Task directions: Can you quote the lines below exactly, starting at the line with "Used Lynk &" and going through the last one?

○ ○ ○

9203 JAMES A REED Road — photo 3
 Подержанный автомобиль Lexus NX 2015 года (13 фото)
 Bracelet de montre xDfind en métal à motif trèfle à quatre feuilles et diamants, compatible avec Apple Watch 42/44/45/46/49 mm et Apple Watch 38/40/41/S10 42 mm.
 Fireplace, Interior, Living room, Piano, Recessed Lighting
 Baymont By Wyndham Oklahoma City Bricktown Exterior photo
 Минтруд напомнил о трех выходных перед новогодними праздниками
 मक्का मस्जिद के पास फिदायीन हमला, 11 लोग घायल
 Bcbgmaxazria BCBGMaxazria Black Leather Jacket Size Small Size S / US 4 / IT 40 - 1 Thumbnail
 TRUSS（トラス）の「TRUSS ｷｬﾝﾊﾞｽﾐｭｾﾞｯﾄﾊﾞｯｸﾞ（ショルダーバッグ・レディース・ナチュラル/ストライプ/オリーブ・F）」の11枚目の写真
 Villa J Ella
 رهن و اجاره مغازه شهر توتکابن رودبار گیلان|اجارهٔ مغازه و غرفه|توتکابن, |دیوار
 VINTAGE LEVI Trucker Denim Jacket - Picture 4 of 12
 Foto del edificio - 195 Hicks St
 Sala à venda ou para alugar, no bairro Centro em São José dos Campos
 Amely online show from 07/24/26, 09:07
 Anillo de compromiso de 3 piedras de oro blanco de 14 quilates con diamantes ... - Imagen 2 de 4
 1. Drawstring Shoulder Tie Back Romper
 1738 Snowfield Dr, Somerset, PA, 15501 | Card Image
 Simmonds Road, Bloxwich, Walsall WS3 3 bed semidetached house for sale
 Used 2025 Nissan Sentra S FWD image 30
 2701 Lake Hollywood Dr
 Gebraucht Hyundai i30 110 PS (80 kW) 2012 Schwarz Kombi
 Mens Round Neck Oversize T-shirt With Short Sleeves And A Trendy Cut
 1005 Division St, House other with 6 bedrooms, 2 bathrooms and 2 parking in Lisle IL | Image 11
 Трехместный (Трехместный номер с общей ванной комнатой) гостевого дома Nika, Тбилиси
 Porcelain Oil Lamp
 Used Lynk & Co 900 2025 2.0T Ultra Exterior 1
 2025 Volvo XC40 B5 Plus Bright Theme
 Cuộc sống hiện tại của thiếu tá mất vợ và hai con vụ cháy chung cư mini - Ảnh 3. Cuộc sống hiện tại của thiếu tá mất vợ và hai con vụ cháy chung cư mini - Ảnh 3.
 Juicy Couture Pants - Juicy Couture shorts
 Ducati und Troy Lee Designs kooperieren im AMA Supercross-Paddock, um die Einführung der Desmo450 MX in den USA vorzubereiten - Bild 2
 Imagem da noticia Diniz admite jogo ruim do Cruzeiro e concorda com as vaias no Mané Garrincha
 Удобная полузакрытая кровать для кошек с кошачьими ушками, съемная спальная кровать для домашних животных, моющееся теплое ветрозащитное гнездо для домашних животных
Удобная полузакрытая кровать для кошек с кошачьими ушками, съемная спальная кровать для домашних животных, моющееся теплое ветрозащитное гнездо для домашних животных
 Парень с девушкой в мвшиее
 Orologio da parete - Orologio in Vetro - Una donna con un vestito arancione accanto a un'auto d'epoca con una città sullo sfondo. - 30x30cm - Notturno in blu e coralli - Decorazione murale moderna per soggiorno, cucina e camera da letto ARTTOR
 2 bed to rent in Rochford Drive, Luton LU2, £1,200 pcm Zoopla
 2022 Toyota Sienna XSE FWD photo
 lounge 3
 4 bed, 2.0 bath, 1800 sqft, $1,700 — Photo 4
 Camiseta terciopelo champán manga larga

○ ○ ○

Final answer:
 Used Lynk & Co 900 2025 2.0T Ultra Exterior 1
 2025 Volvo XC40 B5 Plus Bright Theme
 Cuộc sống hiện tại của thiếu tá mất vợ và hai con vụ cháy chung cư mini - Ảnh 3. Cuộc sống hiện tại của thiếu tá mất vợ và hai con vụ cháy chung cư mini - Ảnh 3.
 Juicy Couture Pants - Juicy Couture shorts
 Ducati und Troy Lee Designs kooperieren im AMA Supercross-Paddock, um die Einführung der Desmo450 MX in den USA vorzubereiten - Bild 2
 Imagem da noticia Diniz admite jogo ruim do Cruzeiro e concorda com as vaias no Mané Garrincha
 Удобная полузакрытая кровать для кошек с кошачьими ушками, съемная спальная кровать для домашних животных, моющееся теплое ветрозащитное гнездо для домашних животных
Удобная полузакрытая кровать для кошек с кошачьими ушками, съемная спальная кровать для домашних животных, моющееся теплое ветрозащитное гнездо для домашних животных
 Парень с девушкой в мвшиее
 Orologio da parete - Orologio in Vetro - Una donna con un vestito arancione accanto a un'auto d'epoca con una città sullo sfondo. - 30x30cm - Notturno in blu e coralli - Decorazione murale moderna per soggiorno, cucina e camera da letto ARTTOR
 2 bed to rent in Rochford Drive, Luton LU2, £1,200 pcm Zoopla
 2022 Toyota Sienna XSE FWD photo
 lounge 3
 4 bed, 2.0 bath, 1800 sqft, $1,700 — Photo 4
 Camiseta terciopelo champán manga larga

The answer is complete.